DATA ->

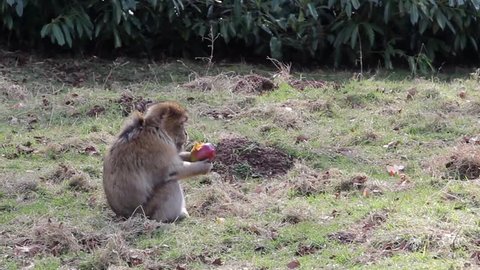 Monkey Eating Apple Fruit - Barbary Macaques of Algeria & Morocco 

Woodland, gardens & meadows freedom. Animal magic

Location: Trentham, Staffordshire, UK

Source: Canon 5D Mkiii

Date: 21 Mar 2015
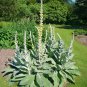 Fresh Bulk 100 Seeds Mullein Seed Ornamental Plant Flowering Heirloom Non Gmo Open Garden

ASSIGNMENT -> Please output all the records above exactly, leaving out every picture.

RESPONSE TO THE TASK ->
 Monkey Eating Apple Fruit - Barbary Macaques of Algeria & Morocco 

Woodland, gardens & meadows freedom. Animal magic

Location: Trentham, Staffordshire, UK

Source: Canon 5D Mkiii

Date: 21 Mar 2015
 Fresh Bulk 100 Seeds Mullein Seed Ornamental Plant Flowering Heirloom Non Gmo Open Garden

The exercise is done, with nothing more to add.